Friday, April 02, 2010

Day 2


I've updated my yoga schedule for May. May will be a little crazy as I'm trying to set myself up financially for the summer by teaching 7 yoga classes a week. I'm still in the process of figuring out my UT teaching schedule for June through August, but that will likely fall into place within the next few weeks.

I taught my first private yoga lesson today. It was an Ashtanga lesson, and so I walked in with nothing more planned than to observe and correct. It was a really fun experience. Mike once said something about teaching based on flow of energy rather than simple anatomy, and I found that to be helpful in figuring out how to correct and better teach my students.

My friend Jessi is in Austin this weekend for a wedding, and I used her being in town as an excuse to check out First Thursday for the first time. South Congress was transformed into a street with performers and vendors, and it certainly had a feel of a small scale Ann Arbor Art Fair. It broke up this week and made the second half of the week feel like a continuous weekend. However, work is hitting hard as my relationship identity negotiation research is gaining momentum, and I just received possibly the most positive reviews for a paper I'll ever receive in my career.
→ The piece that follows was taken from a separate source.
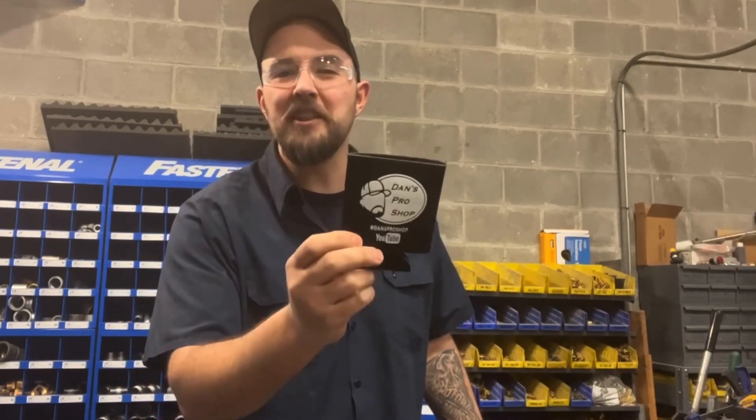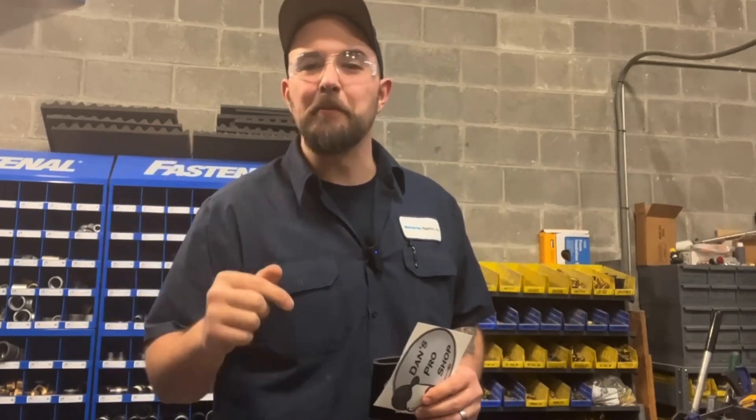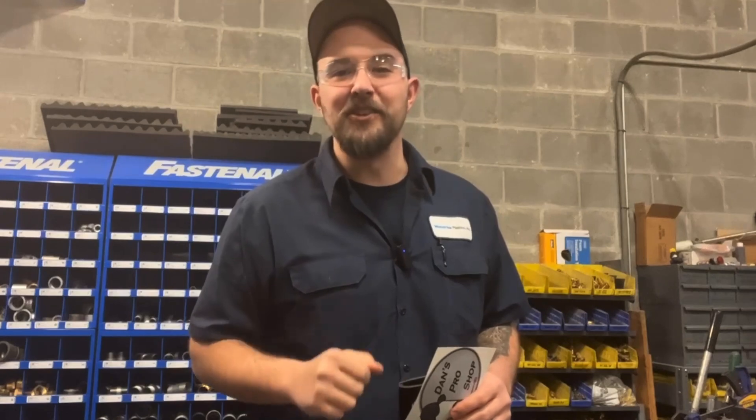And what goes better with a beer fridge than a free Dan's Pro Shop beer koozie? That's right — tell everybody that you're part of the shop and that you know what's going on. So go ahead, check out these memberships in the link below and see what we can get into at Dan's Pro Shop.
Hopefully, I'll find some time to get some work done this weekend!

Day 2 of the 40 Day Yoga Challenge, and I've actually been able to practice all of first series and half of second for two days in a row! It helps that I've found that I can finish all of that in about 1 1/2 hours (it used to take me a full two hours). I've realized that my lower back, while very strong, has become very very tight, and I've been working in primary to start stretching out that lower back. The result is the lower back has been feeling a little more floppier than usual lately, but hopefully it will all balance out.

I've learned many things in Ashtanga, and one of them is that imbalance is sometimes necessary to achieve balance. Injury is sometimes necessary to heal. Sometimes brokenness has to occur to strengthen and grow. That isn't to say I'm going to purposefully injure myself, but injuries and other little detours to serve a purpose and can actually enhance and grow the practice. And hopefully I can begin to take the same perspective on life. That the little detours and valleys I experience aren't debilitating - rather they are opportunities for me to mature and grow stronger and become more equipped for my purpose and goal.